I'll try to describe the effect as best I can and I'm hope you'll know I'm talking about.
It's the wavy, lines of light that you will see cast on walls from perhaps an aqaurium, or from underneath the surface of the sea looking up.

Far as I can tell, they're the result of light reflecting the contours of the "current".

Any info appreciated! :)

Small example: http://en.wikipedia.org/wiki/Image:Whiteshark-TGoss5.jpg

greglondon
12-04-2006, 02:37 AM
I think its a shadow cast by the waves/ripples on the surface.

well, not really a "shadow", but as light enters water, it bends
(unless the light is entering perpendicular to teh surface)
And if you have waves on the surface, the light is being bent
at different angles, so there will be points under the water that
get more light because more light is bent to that location.

If I were describing it in a fiction, I'd probably say something like
"the water rippled, casting shadows on the wall"
or something.

If its non fiction, I have no clue if there's a term for this.

K1P1
12-04-2006, 03:14 AM
There are several different things at work here, with the light.

One is reflection - that would be the light reflected off the surface of the water onto the sides of a pool or aquarium above the water. Since some of the light is being reflected off the surface, it's dimmer underwater than above.

The second is refraction. That's what happens when light passed through a medium (like a prism) and is bent. This happens when the light enters the water and the angle at which it's striking changes at that interface so it goes off to one side.

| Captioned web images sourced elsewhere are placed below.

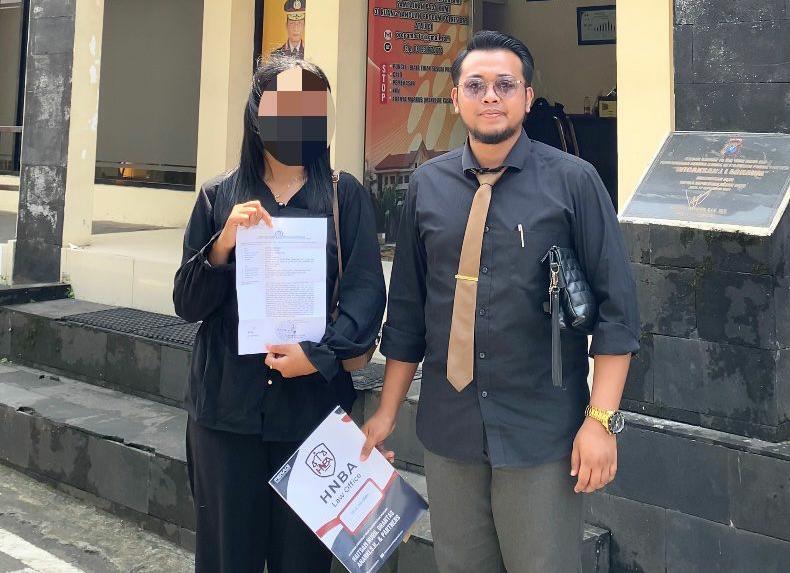 Kasus dugaan tindak pidana pelecehan kembali mencuat. Seorang warga Desa Madiredo, Kecamatan Pujon, Kabupaten Malang dilaporkan ke Kepolisian Resor (Polres) Batu atas dugaan pelecehan non-fisik terhadap seorang mahasiswi.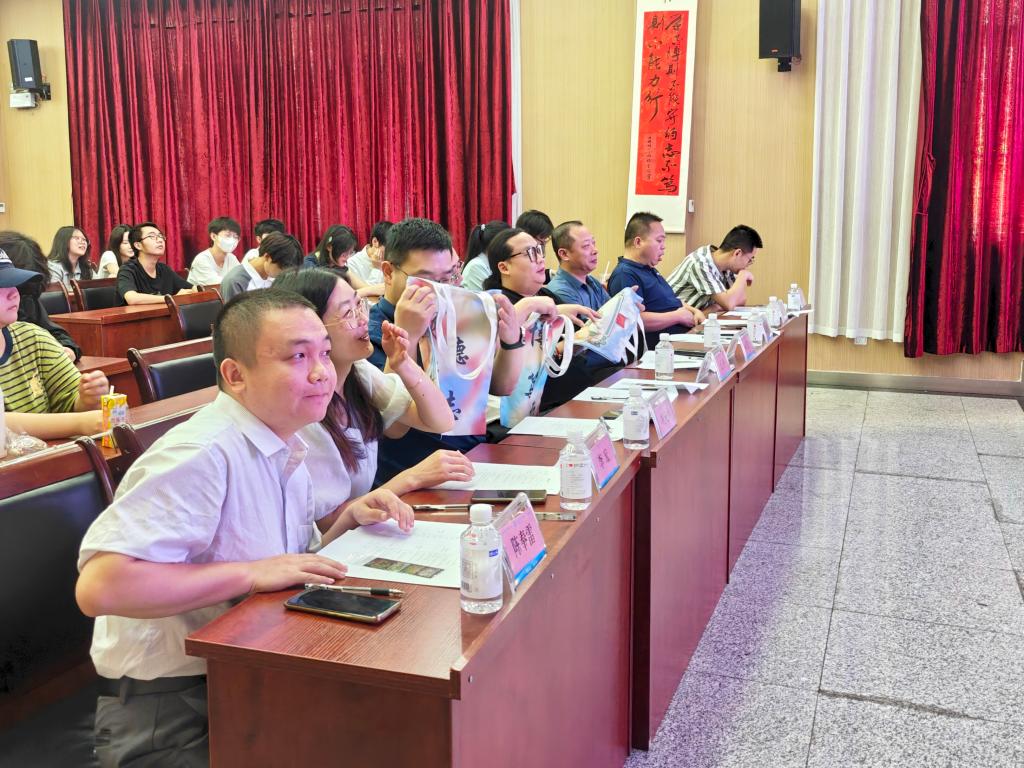 评委老师进行提问和点评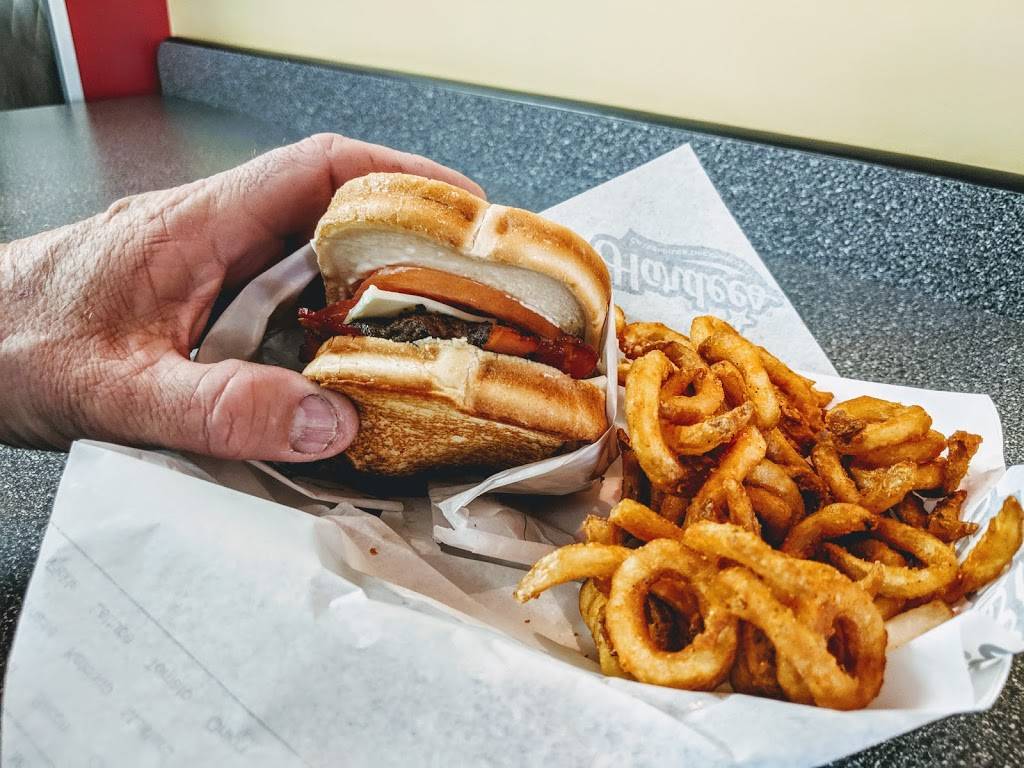 Hardees | restaurant | 1001 W Walnut St, Oglesby, IL 61348, USA | 8158833691 OR +1 815-883-3691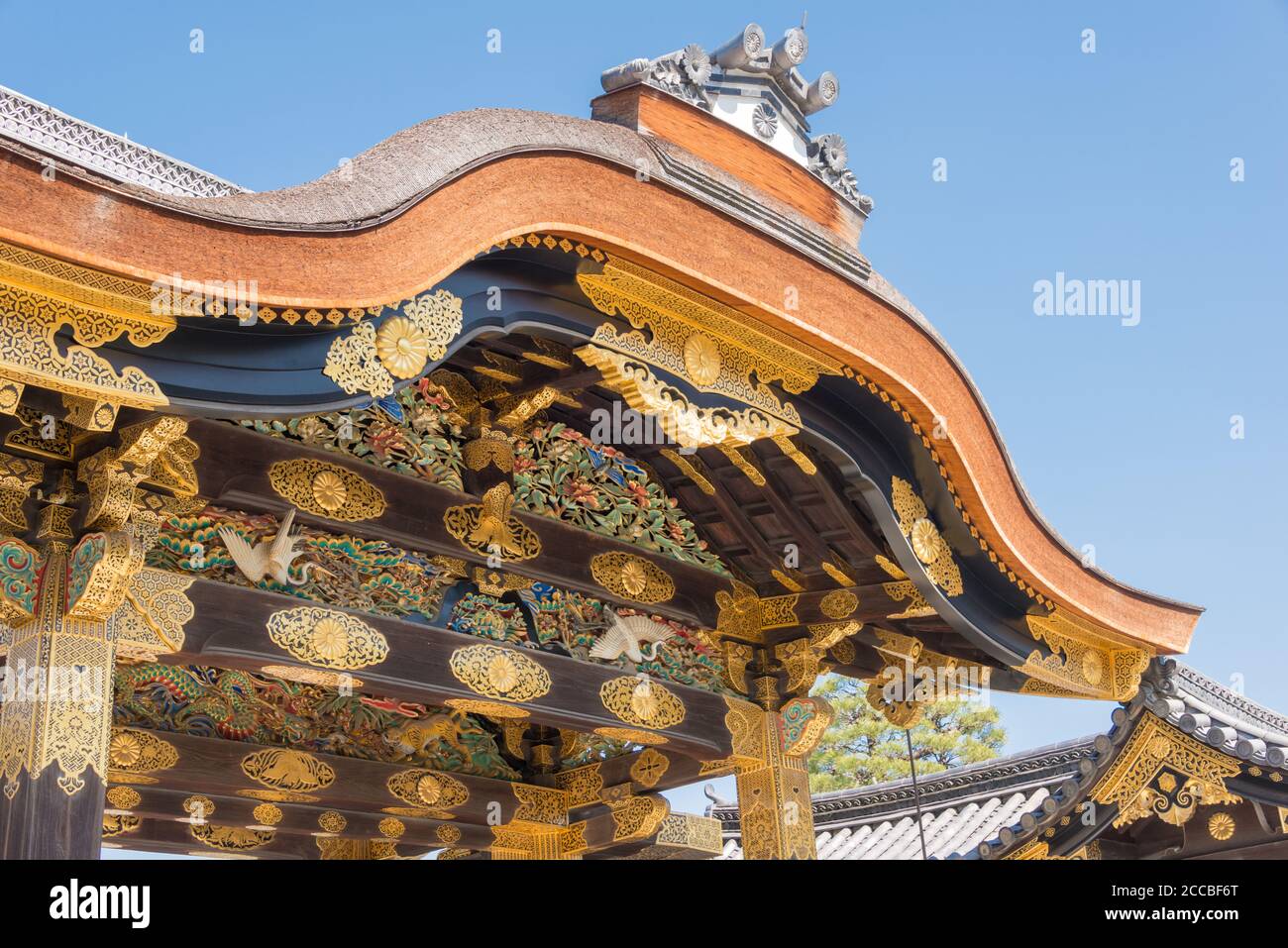 Kyoto, Japan - Nijo-jo Burg in Kyoto, Japan. Es ist Teil des UNESCO-Weltkulturerbes. Stockfoto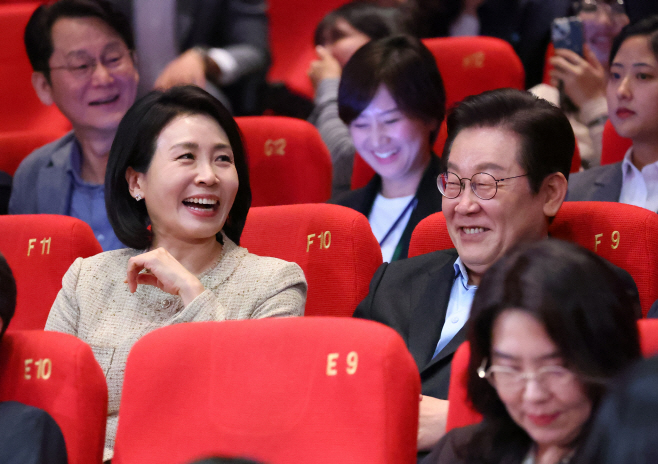 부산국제영화제 찾은 이재명 대통령 부부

Like Greg said, because the waves at the surface are curved, with convex areas and concave areas, refraction is not consistent across the whole area of the water. The light gets focused on some areas and diffused away from others so you get bright lines and darker, shadowed lines. They tend to make lines because the crest (and trough) of a wave forms a line.

You could talk about the refracted light rippling on the bottom and sides, or describe the constantly moving light focusing and refocusing because of the restless waves. :) But, I wouldn't call it a "current" because currents are flows of water, like the current of a river that runs down to the ocean or the Gulf Current, that flows north up the east coast of the US. What you're talking about is the result of wave action, not current.

Akuma
12-04-2006, 03:33 AM
All right, thank you very much, guys. I've been blundering with the descriptions of this one and your work far better.

Besides, I think it's best if I didn't use some obscure scientific term that readers won't know. ;)

K1P1
12-04-2006, 03:51 AM
I'm not sure what the obscure scientific terms would be--haven't done any physics since about 1972. :)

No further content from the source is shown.